HOWEVER, to add to my tepid support of the concept if handled delicately, so far I think the way they've handled it has been a disaster that goes up there with the worst of this government's failings of PR.

Announcing it during conference season, not in Parliament. Emphasising the concept will be about right to work, which both lets everyone see it's a transparent ploy to ward off Reform like every other disastrous policy the government has done and is easily countered by existing systems, existing forms of ID and NI numbers.

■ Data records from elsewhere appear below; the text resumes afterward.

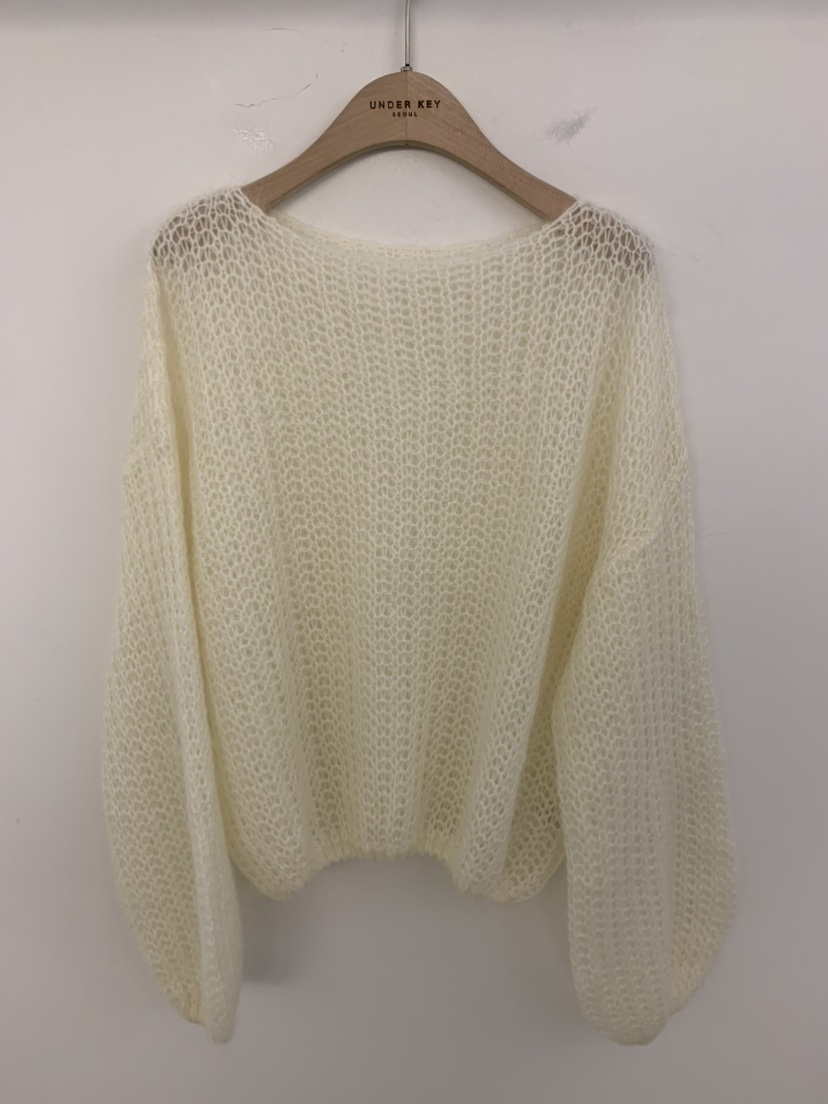 UNDER KEY東大門實拍女士新品人氣真品時尚熱賣毛衣蓬松UNDER KEY毛衣圖色4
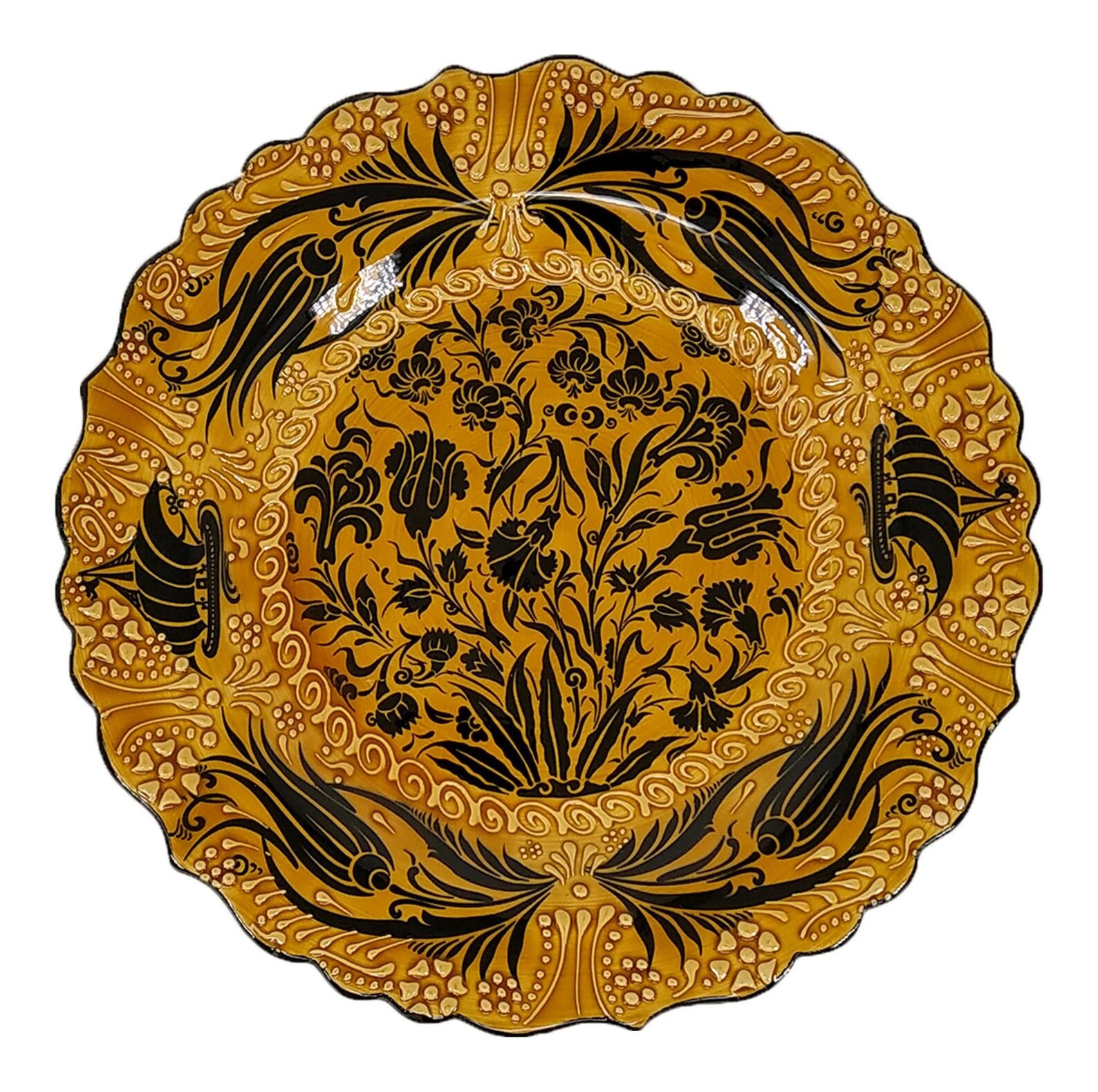 Ceramic Wall Hanging Plates for Guest Room Add Soul to Your Etsy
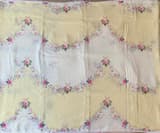 Ombre Dyed Floral Printed Pure Linen Saree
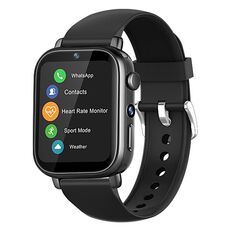 UNIWA X1S 1,9 pollici IP67 impermeabile 4G Android 8.1 Dual Camera Smart Watch supporto misurazione della temperatura, specifica: 1G + 8G (nero)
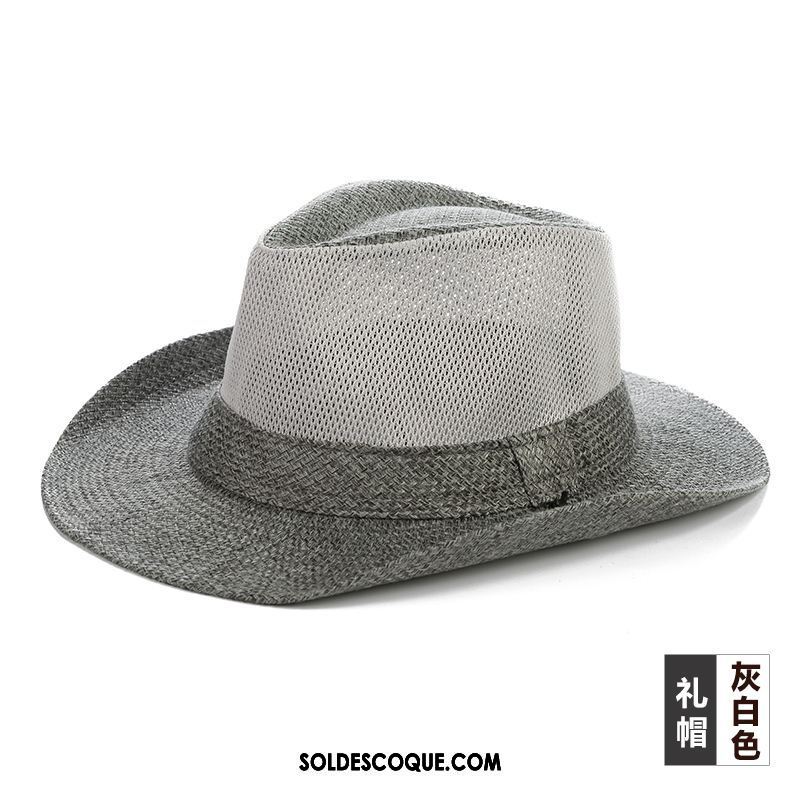 Casquette Chapeau Homme De Plein Air Chapeau De Paille Respirant Ombre Chapeau De Soleil Pas Cher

Then, even though this is being launched as an immigration policy, immediately go out there and state that it's compulsory, giving everyone the worst sort of nightmares about state overreach.

There are forms of digital ID that I have no issue with and there are forms that I take immense issue with, because if you get the security wrong or roll it out poorly your citizens are vulnerable to cyber attacks as much as businesses currently are (M&S/JLR), and exactly what is tracked when using this is both highly configurable with technology and very important for whether this is a good idea to link a bunch of government services together or literal Big Brother.

So like, the fearmongering isn't unwarranted but it's a policy where the devil is in the detail and I do not believe our public sphere is currently ready to handle such a policy issue, and the way the government have been acting on this issue is not filling me with confidence so far, because work proof is necessarily a side benefit of digital ID, not a reason to get it off the ground.